Data entries
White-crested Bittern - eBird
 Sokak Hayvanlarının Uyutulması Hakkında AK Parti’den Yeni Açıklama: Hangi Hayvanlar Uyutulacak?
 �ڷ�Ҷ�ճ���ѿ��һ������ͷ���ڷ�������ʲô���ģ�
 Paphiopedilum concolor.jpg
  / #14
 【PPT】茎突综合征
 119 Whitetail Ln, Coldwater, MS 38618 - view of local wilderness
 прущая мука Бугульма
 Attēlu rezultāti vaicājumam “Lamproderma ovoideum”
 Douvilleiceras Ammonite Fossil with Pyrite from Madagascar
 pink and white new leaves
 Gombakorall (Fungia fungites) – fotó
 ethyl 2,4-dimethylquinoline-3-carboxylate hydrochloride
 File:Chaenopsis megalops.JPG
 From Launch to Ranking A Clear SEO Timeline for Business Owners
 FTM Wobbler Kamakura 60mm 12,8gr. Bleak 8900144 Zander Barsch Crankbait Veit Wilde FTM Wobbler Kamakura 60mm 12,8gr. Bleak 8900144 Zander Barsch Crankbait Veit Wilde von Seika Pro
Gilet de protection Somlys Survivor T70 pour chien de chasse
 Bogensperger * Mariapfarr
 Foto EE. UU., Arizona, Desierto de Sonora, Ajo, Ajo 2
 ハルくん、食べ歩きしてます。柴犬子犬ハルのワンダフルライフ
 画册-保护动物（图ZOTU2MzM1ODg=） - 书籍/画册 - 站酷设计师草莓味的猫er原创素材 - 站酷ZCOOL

# ABOUT THIS EXERCISE
Output all entries again exactly; no line may be altered.

# RESULT BELOW
White-crested Bittern - eBird
 Sokak Hayvanlarının Uyutulması Hakkında AK Parti’den Yeni Açıklama: Hangi Hayvanlar Uyutulacak?
 �ڷ�Ҷ�ճ���ѿ��һ������ͷ���ڷ�������ʲô���ģ�
 Paphiopedilum concolor.jpg
  / #14
 【PPT】茎突综合征
 119 Whitetail Ln, Coldwater, MS 38618 - view of local wilderness
 прущая мука Бугульма
 Attēlu rezultāti vaicājumam “Lamproderma ovoideum”
 Douvilleiceras Ammonite Fossil with Pyrite from Madagascar
 pink and white new leaves
 Gombakorall (Fungia fungites) – fotó
 ethyl 2,4-dimethylquinoline-3-carboxylate hydrochloride
 File:Chaenopsis megalops.JPG
 From Launch to Ranking A Clear SEO Timeline for Business Owners
 FTM Wobbler Kamakura 60mm 12,8gr. Bleak 8900144 Zander Barsch Crankbait Veit Wilde FTM Wobbler Kamakura 60mm 12,8gr. Bleak 8900144 Zander Barsch Crankbait Veit Wilde von Seika Pro
Gilet de protection Somlys Survivor T70 pour chien de chasse
 Bogensperger * Mariapfarr
 Foto EE. UU., Arizona, Desierto de Sonora, Ajo, Ajo 2
 ハルくん、食べ歩きしてます。柴犬子犬ハルのワンダフルライフ
 画册-保护动物（图ZOTU2MzM1ODg=） - 书籍/画册 - 站酷设计师草莓味的猫er原创素材 - 站酷ZCOOL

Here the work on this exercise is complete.